Monday, January 30, 2006

Glad it was on sale

The other night I tried a President's Choice Chicago-style pizza. There was more to the name, but I forget what it was now. Regardless, it claimed to be a 2 pound deep dish pizza, and I bought one because the store didn't have any of the kind I usually get, and it was on sale. I got the pepperoni and sausage flavour.

When I opened it, there was an obvious misallocation of toppings. All the sauce was lumped on one side, with the associated cheese and pepperoni accompanying it. This left a part of the crust exposed, but I figured all that would sort itself out as the sauce unfroze and cooked.

I was wrong, and we wound up with a pizza where some slices were humongously thick and others were pitifully thin. It happens I guess, so I figured I'd try to cut it so the slices came out more-or-less even in size and thickness. It was a good plan, I thought.

The pizza had other ideas. Due to the deepness of the pan, my pizza cutter was fairly useless in cutting through the edges of the crust, and while fighting with those my sizing got thrown off track and every slice came out a different size. One of the biggest ones was also the thickest, and the one right beside it was the smallest. It seriously looked like a pizza cut by a blind chimp.

No offense to the blind chimps in the audience. You're decent people, but generally you can't cut a pizza to save your life.

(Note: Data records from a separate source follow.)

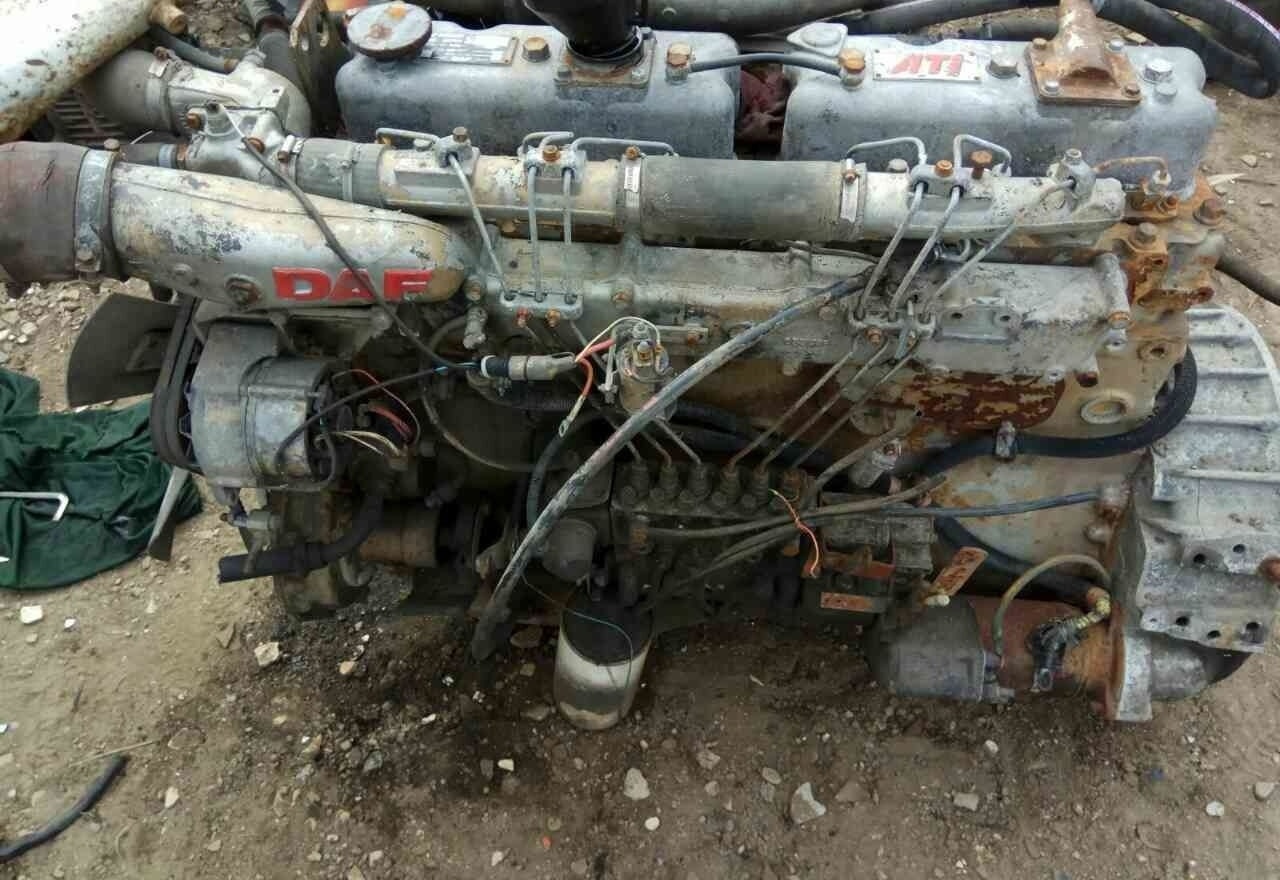 DAF ATI WS259 E2 DAF - Motor pentru Camion: Foto 1 DAF ATI WS259 E2 DAF - Motor pentru Camion: Foto 1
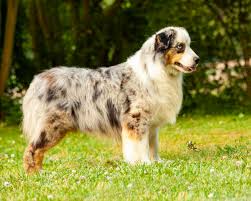 If you are looking to add a mini or toy australian shepherd to your home then you are at the right place! Puppies Fine Hill Aussies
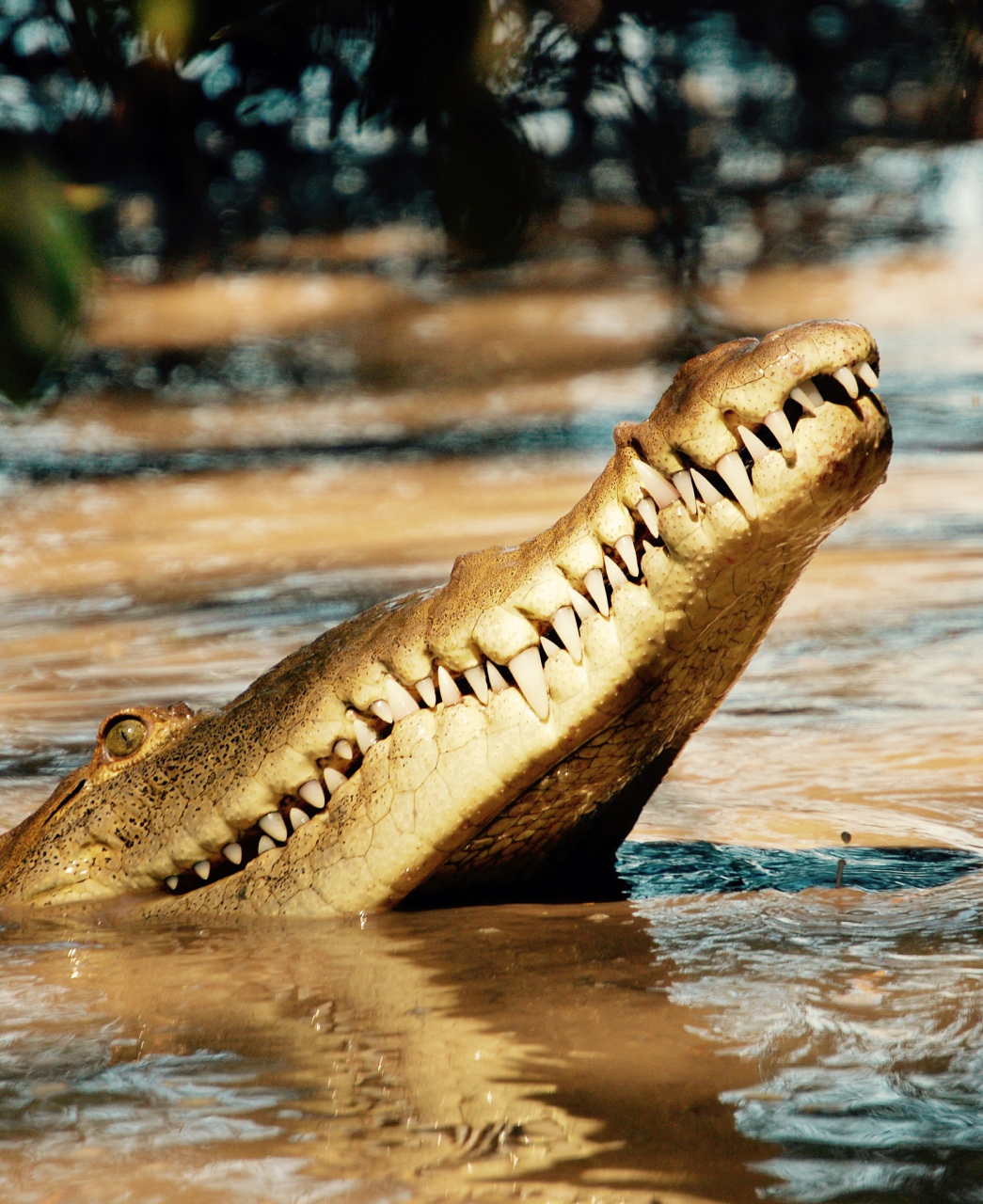 人与自然# 在所有已知的远古生物中,史前巨齿鳄以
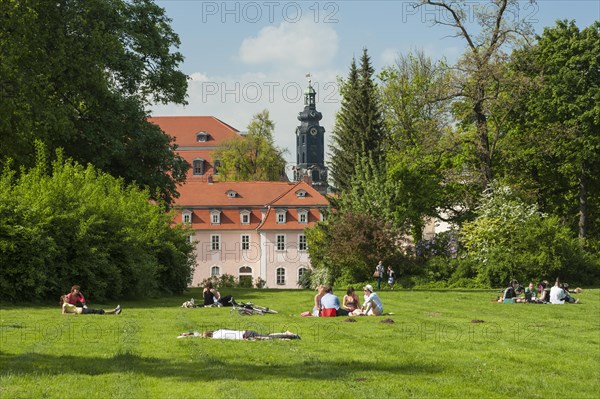 Students resting on the park meadow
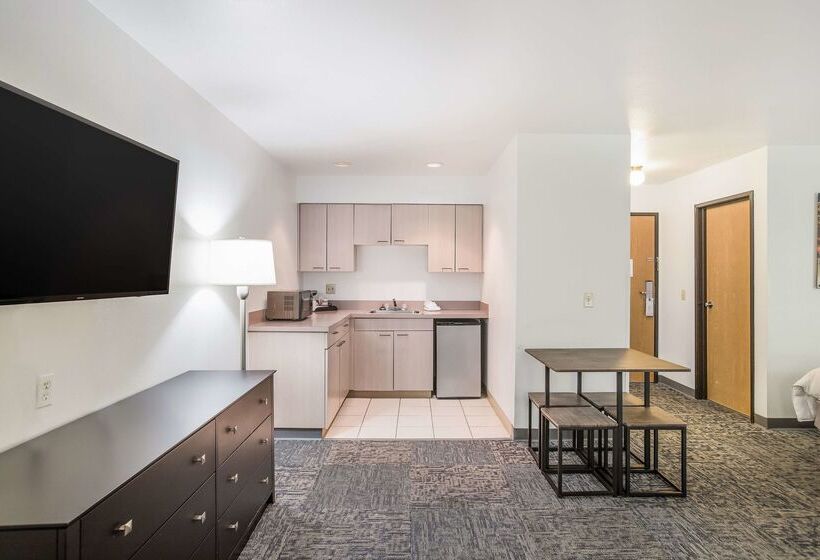 فندق على الطريق Americas Best Value Inn & Suites Birch Run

I'm sorry you had to hear it from me.

The pizza was still a bit cold when we started eating, and that's never a good thing. I didn't think it was too bad, but it wasn't as hot as something coming right out of the over should be. I even left it in for a few extra minutes just to make sure it was done. A few seconds in the microwave fixed it right up, so finally I got to sample what I really hoped would be a pizza worthy of all the hardship it had dumped on me.

I was disappointed to say the least. It was bland and mostly tasteless. The crust was nice and flaky and tasted like a pie crust, but it wasn't nearly enough to make up for the nondescript sauce and flavourless meat.

Overall, I'm glad I got the pizza on sale, but I wouldn't buy it again.